• _Work instruction_: An exact copy of all the data is required, with pictures left out.

• _Data provided_:
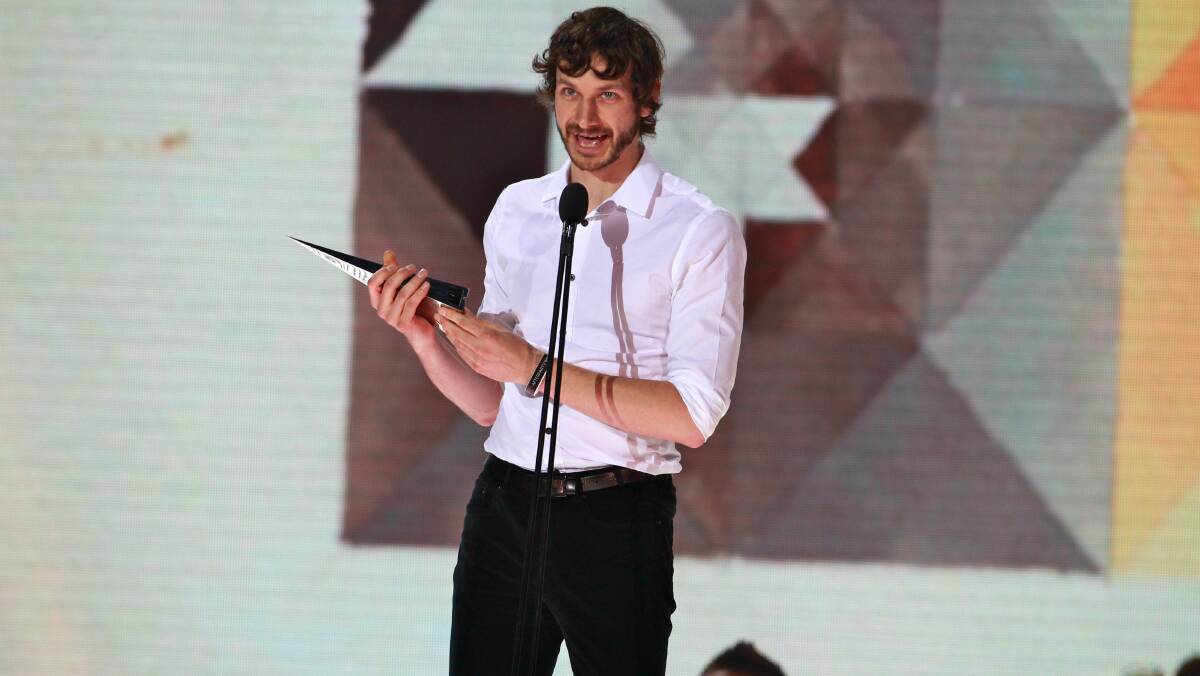 Gotye on stage at the Aria Awards. Picture: EDWINA PICKLES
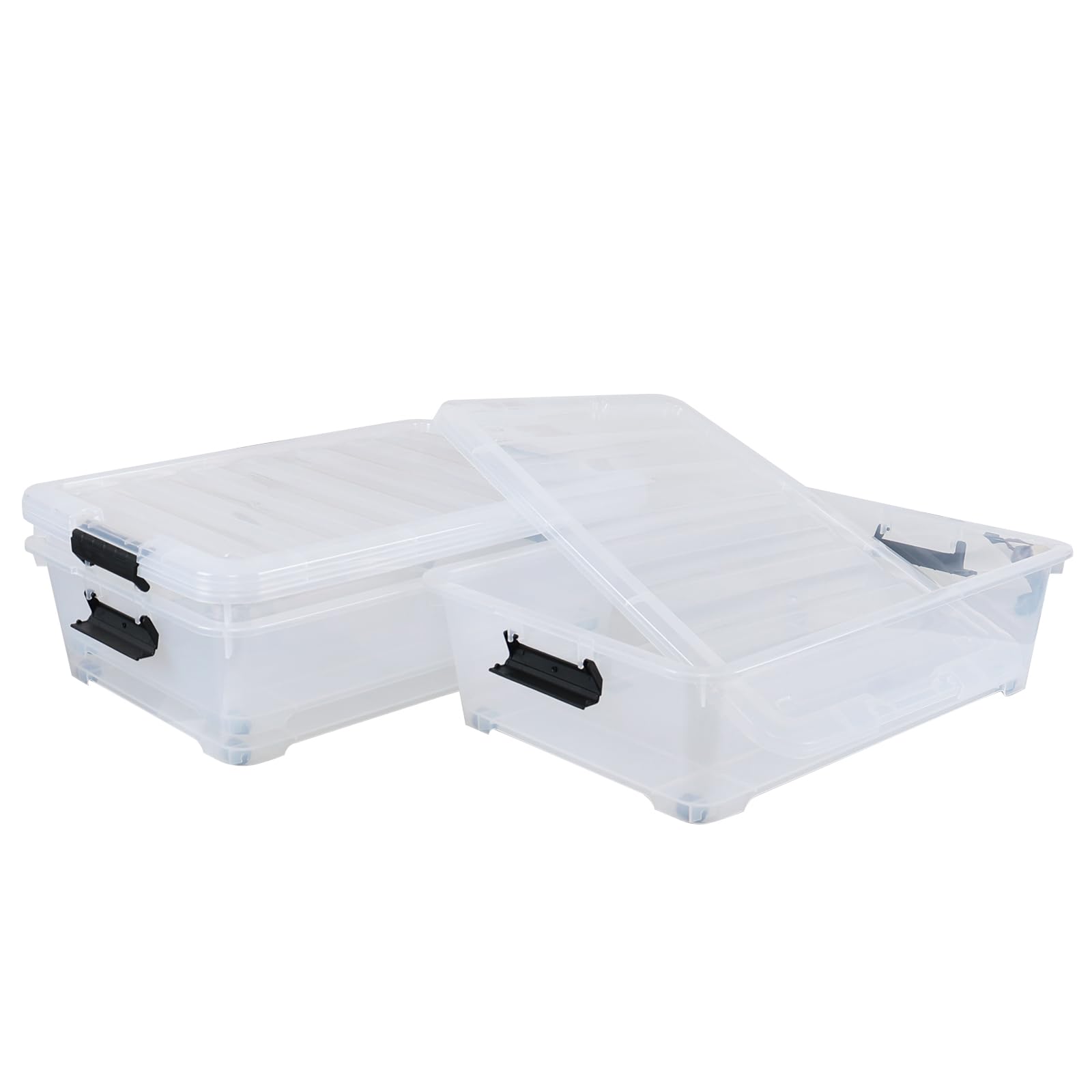 3 Pack 20 Quart Plastic Wheeled Latching Storage Boxes (3 Count)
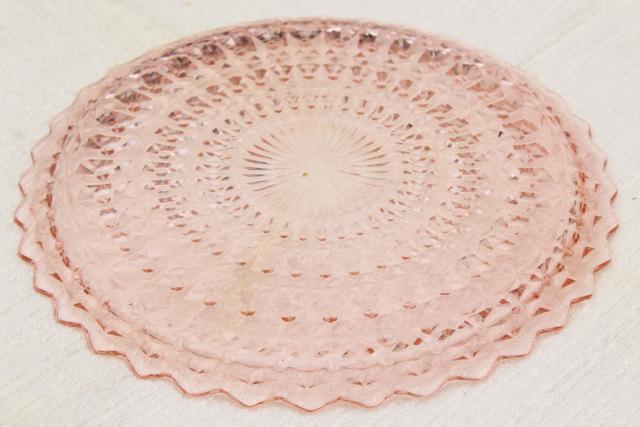 photo of vintage pink depression glass sandwich or cake plate Jeannette holiday buttons and bows pattern #6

• _Result_:
 Gotye on stage at the Aria Awards. Picture: EDWINA PICKLES
 3 Pack 20 Quart Plastic Wheeled Latching Storage Boxes (3 Count)
 photo of vintage pink depression glass sandwich or cake plate Jeannette holiday buttons and bows pattern #6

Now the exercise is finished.